Cases Where Header-Data Split Is Not Used

This topic provides an overview of the cases where a header-data split provider must not split Ethernet frames. For a listing of the minimum requirements that a provider must meet to support header-data split, see Minimum Requirements for Supporting Header-Data Split.

Note  There are cases where a received frame can be split outside of the header-data split provider requirements. That is, the header-data split requirements only apply to header-data split providers. In these cases, never split Ethernet frames in the middle of the IP header, IPv4 options, IPsec headers, IPv6 extension headers, or upper-layer-protocol headers, unless the first MDL contains at least as many bytes as NDIS specified for lookahead size.

All Ethernet frames that are not split must follow the general NDIS rules and requirements. For example, the first MDL in the chain of MDLs in a received NET_BUFFER structure must contain either the lookahead part of the frame or the entire Ethernet frame (whichever is smaller) in a virtually contiguous buffer. NDIS sets the size of lookahead with the OID_GEN_CURRENT_LOOKAHEAD OID.

Header-data split providers:

  • Do not split non-IP frames.

  • Do not split frames if they cannot be split in one of these locations: at the beginning of the upper-layer-protocol header, the beginning of the TCP payload, or the beginning of the UDP payload.

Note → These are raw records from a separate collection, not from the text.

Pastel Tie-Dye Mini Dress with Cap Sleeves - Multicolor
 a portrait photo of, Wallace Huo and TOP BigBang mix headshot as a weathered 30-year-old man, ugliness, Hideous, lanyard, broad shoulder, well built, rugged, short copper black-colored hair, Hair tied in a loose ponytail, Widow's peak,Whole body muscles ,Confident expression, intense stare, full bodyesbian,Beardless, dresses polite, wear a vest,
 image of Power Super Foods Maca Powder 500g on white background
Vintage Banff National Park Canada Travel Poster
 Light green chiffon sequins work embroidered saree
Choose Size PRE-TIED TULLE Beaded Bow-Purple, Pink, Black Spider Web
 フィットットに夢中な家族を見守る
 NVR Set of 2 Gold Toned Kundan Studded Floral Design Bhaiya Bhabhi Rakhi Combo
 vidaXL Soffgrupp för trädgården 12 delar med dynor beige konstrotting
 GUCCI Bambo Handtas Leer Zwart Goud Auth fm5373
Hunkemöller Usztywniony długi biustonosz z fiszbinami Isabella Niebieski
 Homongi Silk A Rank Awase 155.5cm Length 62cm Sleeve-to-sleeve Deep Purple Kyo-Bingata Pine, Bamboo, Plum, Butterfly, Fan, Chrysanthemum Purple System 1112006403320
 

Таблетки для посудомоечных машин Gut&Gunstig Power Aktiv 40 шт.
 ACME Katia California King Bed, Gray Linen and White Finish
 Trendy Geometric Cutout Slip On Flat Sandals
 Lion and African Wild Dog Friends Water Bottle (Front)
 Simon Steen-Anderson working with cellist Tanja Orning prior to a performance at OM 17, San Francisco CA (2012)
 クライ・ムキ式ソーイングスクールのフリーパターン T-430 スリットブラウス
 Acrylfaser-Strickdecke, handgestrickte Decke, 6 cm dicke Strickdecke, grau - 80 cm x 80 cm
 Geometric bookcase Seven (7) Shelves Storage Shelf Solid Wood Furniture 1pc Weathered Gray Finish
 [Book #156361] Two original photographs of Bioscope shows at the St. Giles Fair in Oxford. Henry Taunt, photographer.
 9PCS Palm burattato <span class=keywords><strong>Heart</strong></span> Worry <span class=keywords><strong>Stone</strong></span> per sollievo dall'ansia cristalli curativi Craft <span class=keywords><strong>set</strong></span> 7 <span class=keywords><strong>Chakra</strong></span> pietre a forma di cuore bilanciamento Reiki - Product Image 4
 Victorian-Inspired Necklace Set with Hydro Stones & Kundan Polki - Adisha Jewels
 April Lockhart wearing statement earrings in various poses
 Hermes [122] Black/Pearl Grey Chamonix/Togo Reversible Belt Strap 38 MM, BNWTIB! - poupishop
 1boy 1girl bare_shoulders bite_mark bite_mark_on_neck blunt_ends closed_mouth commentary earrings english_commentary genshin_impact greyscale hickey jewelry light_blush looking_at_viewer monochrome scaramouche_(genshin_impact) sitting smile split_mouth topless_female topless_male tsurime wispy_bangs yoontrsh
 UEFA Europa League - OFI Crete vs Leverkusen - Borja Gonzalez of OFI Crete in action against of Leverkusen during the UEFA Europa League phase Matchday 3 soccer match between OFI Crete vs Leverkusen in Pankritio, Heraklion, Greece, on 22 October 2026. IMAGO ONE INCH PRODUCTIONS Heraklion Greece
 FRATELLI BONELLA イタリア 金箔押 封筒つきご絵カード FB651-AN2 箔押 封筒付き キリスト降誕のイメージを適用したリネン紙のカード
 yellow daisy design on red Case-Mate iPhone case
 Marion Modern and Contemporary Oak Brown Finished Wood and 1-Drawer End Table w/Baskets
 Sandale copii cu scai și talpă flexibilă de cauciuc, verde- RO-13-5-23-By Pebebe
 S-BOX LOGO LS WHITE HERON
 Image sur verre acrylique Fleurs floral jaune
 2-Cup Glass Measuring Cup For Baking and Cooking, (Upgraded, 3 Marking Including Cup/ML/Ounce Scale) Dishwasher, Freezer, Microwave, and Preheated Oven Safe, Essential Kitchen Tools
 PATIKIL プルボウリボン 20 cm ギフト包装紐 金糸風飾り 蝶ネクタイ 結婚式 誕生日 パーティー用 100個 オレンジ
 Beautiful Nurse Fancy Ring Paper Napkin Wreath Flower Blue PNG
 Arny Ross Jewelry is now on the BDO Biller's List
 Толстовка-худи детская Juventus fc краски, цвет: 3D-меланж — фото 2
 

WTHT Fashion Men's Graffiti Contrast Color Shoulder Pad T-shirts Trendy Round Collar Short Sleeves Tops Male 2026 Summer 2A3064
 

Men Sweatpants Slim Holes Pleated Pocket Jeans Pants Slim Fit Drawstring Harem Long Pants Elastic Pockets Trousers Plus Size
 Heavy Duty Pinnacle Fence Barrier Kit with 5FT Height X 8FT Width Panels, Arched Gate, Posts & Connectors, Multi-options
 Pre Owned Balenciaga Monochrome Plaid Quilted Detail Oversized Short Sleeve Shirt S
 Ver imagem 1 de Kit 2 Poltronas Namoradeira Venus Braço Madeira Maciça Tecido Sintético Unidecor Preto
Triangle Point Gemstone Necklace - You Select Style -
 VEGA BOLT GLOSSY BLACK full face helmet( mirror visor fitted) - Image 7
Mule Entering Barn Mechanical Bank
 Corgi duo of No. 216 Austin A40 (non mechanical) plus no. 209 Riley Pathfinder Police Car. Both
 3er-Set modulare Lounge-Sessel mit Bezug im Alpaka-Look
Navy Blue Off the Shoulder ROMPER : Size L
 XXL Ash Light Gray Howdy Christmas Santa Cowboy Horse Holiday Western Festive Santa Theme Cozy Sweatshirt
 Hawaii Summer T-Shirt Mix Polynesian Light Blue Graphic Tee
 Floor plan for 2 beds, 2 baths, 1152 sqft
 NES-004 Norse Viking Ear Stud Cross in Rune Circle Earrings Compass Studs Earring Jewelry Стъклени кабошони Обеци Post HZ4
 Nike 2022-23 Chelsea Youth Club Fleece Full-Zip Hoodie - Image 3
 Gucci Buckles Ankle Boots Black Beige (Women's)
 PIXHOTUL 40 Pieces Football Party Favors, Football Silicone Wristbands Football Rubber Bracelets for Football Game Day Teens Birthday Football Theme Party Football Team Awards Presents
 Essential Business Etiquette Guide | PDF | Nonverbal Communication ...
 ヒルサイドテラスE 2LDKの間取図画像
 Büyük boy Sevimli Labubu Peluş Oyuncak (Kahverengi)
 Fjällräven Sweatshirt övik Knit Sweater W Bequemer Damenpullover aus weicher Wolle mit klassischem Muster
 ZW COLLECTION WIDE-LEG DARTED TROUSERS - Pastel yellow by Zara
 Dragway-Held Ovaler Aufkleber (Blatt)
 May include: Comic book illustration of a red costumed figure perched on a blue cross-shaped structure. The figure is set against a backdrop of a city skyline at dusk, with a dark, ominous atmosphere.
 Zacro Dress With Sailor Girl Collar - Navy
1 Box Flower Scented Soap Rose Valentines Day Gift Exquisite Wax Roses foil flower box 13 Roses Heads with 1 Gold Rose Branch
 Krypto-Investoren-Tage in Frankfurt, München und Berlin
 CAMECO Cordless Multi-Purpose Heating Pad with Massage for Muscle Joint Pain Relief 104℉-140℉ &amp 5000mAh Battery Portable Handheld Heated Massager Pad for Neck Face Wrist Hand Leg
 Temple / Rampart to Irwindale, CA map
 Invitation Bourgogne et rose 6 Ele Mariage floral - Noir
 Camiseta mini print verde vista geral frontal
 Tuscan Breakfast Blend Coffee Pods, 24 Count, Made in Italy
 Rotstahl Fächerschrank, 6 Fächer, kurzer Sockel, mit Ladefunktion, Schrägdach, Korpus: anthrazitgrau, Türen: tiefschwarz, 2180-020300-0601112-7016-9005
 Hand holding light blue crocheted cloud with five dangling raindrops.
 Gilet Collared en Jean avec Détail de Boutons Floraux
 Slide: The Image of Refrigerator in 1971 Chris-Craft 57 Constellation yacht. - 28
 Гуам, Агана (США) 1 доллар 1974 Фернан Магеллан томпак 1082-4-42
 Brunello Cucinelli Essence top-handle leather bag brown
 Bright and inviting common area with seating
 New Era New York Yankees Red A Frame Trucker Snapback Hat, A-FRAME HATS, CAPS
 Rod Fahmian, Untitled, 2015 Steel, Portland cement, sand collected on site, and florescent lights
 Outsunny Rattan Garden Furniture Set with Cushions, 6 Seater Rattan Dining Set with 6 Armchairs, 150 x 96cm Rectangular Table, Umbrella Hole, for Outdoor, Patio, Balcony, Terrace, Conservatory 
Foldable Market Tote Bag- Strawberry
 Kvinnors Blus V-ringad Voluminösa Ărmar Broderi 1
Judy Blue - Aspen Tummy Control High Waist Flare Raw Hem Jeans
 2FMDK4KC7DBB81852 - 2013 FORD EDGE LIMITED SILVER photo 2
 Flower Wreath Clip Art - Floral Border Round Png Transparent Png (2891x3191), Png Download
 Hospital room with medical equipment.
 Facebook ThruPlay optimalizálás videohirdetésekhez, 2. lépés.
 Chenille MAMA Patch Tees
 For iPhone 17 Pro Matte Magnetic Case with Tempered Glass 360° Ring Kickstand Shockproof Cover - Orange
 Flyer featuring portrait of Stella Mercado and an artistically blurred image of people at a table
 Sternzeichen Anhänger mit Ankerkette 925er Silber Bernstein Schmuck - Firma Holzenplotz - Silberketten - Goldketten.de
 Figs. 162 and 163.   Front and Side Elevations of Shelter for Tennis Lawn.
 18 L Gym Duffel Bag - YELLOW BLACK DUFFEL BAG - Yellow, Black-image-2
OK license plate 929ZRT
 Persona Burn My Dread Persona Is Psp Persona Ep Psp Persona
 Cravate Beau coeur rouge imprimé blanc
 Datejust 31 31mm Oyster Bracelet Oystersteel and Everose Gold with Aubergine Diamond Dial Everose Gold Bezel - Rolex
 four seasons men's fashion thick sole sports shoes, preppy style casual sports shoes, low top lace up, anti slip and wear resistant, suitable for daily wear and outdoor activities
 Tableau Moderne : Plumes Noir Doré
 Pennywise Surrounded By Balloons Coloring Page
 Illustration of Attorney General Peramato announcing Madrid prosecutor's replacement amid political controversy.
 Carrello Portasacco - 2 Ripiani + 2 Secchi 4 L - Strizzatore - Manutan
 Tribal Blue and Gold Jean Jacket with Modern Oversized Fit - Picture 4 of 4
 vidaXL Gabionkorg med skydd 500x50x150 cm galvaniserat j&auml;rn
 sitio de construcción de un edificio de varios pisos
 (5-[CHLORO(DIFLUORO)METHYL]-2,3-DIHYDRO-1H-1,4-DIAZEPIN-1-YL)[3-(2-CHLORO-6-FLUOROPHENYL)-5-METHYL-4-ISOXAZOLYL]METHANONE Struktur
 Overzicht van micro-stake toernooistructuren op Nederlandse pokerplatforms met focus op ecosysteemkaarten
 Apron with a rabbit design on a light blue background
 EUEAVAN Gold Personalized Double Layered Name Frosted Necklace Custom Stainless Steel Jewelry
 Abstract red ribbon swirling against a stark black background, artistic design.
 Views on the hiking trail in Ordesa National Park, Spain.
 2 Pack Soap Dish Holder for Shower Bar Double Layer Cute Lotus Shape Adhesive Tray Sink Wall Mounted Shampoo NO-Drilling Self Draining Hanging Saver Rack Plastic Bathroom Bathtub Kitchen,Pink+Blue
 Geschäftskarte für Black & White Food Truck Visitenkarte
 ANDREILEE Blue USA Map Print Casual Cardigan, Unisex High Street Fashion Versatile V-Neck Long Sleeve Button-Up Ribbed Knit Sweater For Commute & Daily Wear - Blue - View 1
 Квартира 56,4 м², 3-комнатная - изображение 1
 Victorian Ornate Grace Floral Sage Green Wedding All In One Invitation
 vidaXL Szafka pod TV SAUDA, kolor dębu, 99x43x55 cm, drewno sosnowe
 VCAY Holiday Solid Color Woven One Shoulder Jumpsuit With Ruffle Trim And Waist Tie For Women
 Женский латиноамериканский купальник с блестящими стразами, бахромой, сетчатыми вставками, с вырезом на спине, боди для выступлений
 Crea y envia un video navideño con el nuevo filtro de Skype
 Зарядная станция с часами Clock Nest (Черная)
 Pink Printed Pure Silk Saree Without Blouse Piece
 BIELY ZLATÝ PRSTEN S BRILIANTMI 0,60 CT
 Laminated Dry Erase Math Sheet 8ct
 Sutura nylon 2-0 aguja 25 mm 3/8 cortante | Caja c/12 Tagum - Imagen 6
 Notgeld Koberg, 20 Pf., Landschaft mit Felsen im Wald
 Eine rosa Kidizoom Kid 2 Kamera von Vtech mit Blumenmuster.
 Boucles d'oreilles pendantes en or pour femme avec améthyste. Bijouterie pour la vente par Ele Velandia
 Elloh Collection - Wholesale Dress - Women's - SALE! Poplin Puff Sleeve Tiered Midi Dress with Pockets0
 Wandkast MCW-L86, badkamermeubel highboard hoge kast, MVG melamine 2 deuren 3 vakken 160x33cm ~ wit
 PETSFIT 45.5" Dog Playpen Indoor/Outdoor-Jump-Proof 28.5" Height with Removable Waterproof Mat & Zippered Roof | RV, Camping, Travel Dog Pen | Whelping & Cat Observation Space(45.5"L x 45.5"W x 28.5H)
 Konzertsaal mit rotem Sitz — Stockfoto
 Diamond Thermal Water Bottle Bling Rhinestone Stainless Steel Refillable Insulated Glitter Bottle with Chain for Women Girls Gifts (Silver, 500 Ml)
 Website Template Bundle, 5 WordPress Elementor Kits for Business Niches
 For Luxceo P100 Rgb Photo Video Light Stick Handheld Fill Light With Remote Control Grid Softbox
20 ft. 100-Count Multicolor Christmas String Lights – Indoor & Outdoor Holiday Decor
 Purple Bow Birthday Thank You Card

  • Do not split frames that would exceed the maximum configured header size unless the header can be split at the beginning of the upper-layer-protocol header. For more information about the maximum header size, see Allocating the Header Buffer.

  • Do not split frames that contain IPv4 options that the NIC does not recognize.

  • Do not split frames that contain IPv6 extension headers that the NIC does not recognize.

  • Do not split frames that contain TCP options that the NIC does not recognize unless they can be split at the beginning of the TCP header.